If that is you, you are in luck, because I am about to share with you what I call achievement mathematics.
The math isn’t any more difficult than the image here, and the synergistic value is far better than 1+1=3. It is more like 1+1 = 11, especially when applied consistently over time.
Achievement mathematics, like any academic discipline, borrows from different ideas to create its unique properties. In this case, the wisdom comes from bringing together prioritization, time management, goal setting, and implementation.
Achievement mathematics provides the answer to the dual question – how do I achieve my goals, and how do I achieve them faster. In other words, achievement math is about massive achievement.
Here is the formula:
MA = (PxG) + DA
MA =Massive Achievement
P = Purpose
G = Goal
DA =Daily Action
Here is how it works:
1. Identify your purpose – whether for your team, a particular situation or project, or personally. I often call this purpose the “why” of your goal or vision.

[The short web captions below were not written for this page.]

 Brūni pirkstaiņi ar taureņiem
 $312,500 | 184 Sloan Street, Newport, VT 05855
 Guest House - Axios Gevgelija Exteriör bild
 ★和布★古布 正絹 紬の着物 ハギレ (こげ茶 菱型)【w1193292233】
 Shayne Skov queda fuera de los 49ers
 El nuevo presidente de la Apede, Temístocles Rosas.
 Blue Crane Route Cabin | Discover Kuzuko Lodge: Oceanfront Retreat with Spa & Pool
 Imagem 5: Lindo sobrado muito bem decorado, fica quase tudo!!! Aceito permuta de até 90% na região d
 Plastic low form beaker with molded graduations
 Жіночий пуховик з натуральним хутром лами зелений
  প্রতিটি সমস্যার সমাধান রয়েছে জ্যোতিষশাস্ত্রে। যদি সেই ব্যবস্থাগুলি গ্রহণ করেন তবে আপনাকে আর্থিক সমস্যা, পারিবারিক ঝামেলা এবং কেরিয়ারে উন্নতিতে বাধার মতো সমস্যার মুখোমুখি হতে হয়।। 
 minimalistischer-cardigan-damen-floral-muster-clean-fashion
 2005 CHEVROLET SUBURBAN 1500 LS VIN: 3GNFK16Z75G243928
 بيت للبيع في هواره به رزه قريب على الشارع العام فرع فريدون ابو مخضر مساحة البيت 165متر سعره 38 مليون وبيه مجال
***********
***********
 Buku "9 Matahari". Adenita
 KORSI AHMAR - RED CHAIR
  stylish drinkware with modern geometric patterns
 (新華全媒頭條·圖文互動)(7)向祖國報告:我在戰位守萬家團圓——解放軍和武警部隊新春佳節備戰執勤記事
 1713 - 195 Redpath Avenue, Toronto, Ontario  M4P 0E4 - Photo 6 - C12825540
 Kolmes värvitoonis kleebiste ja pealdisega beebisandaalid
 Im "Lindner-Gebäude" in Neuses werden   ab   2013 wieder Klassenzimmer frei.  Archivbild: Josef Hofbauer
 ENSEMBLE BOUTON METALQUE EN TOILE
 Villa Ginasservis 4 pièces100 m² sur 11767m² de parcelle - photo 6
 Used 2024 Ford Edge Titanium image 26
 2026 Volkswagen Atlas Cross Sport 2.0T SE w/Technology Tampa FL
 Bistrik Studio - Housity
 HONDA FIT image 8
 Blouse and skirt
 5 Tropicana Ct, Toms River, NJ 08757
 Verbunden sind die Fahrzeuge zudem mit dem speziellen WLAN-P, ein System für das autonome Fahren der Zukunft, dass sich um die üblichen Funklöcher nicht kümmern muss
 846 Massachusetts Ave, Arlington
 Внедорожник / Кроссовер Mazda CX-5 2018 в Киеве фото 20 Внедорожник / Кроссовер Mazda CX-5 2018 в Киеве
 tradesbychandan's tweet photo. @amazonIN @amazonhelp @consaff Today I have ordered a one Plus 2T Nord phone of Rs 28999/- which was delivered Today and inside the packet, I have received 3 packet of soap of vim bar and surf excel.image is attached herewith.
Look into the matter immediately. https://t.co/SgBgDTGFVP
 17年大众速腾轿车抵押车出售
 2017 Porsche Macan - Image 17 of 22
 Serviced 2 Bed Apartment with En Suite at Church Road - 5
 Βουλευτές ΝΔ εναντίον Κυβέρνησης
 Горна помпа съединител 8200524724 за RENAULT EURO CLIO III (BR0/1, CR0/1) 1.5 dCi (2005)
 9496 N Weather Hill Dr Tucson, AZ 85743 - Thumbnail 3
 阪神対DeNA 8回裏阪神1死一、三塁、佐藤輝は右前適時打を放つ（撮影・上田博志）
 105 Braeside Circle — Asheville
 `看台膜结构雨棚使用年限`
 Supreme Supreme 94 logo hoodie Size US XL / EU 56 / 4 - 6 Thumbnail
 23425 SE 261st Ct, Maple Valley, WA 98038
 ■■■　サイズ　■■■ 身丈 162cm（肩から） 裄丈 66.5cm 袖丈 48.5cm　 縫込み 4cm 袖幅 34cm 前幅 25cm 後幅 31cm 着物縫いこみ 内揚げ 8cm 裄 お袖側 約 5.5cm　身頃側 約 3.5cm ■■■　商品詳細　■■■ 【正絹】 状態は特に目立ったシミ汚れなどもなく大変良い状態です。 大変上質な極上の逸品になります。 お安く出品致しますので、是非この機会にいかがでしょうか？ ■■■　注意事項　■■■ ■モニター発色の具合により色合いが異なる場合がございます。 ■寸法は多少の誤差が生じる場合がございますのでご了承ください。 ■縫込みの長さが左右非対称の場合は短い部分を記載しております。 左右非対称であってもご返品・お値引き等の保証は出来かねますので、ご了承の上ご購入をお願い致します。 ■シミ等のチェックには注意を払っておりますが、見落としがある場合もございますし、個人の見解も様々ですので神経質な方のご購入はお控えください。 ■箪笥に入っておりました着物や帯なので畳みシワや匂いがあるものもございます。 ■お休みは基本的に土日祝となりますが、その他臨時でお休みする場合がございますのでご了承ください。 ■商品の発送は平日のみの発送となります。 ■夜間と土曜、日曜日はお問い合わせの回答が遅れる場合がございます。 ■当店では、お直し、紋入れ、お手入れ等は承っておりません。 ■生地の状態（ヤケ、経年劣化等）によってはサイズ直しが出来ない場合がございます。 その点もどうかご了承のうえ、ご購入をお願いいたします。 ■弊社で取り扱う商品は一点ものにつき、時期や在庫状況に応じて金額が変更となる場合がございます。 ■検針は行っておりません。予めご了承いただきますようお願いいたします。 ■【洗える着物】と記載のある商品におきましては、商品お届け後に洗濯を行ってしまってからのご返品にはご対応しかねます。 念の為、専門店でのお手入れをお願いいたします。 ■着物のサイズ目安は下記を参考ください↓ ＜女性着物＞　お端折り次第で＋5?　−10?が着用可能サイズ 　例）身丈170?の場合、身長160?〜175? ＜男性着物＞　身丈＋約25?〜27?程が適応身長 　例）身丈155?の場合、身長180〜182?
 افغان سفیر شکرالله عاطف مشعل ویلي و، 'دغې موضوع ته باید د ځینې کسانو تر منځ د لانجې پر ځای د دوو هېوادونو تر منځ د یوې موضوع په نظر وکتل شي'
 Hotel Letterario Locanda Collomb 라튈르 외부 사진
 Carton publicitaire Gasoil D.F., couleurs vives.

2. Connect your goals directly to this purpose. Make sure that there is a clear and obvious connection between them. In other words, make sure that you know exactly why this goal is important to you. The more powerful the P and the closer the connection the G, the better.
3. Determine an action to take each day that directly moves you towards this goal.
Notice that the formula says “daily action” not “action when I have time, or when I’m not too busy, or when things are going well.”
Daily. The daily nature builds momentum and creates habit. It also drives focus on the purpose and goals daily. Days missed reduces the value and speed of results in a geometric way. For maximum results, it must be every day.
Action. Planning and thinking is important, but this formula isn’t about those things. It is about doing something – reading, making a phone call, sending a request, something tangible and specific – every day.
Achievement mathematics works best when the Daily Action is quantified and measured.
Is your goal worth spending 1% of your time to reach? Is your purpose compelling enough for that? If so, that means about 15 minutes per day in direct and specific action towards your goal. You can find 15 minutes a day. If you can’t, go back to your purpose and make sure it is important and compelling enough.
What if everyone in your organization spent 15 minutes per day in direct, conscious, focused effort in pursuit of an important organizational objective? Do you think you would make more progress faster than you ever have before? That is the power of this discipline.
1% of your time becomes a powerful lever for your progress.
As a leader, when you share achievement mathematics with your team, support, encourage and expect this daily activity, you will drive greater results, but also higher levels of engagement and job satisfaction.
If you want more for yourself and your team, start applying achievement mathematics today. If you don’t have all the pieces clearly defined, start by identifying your variables – that can be your first daily action.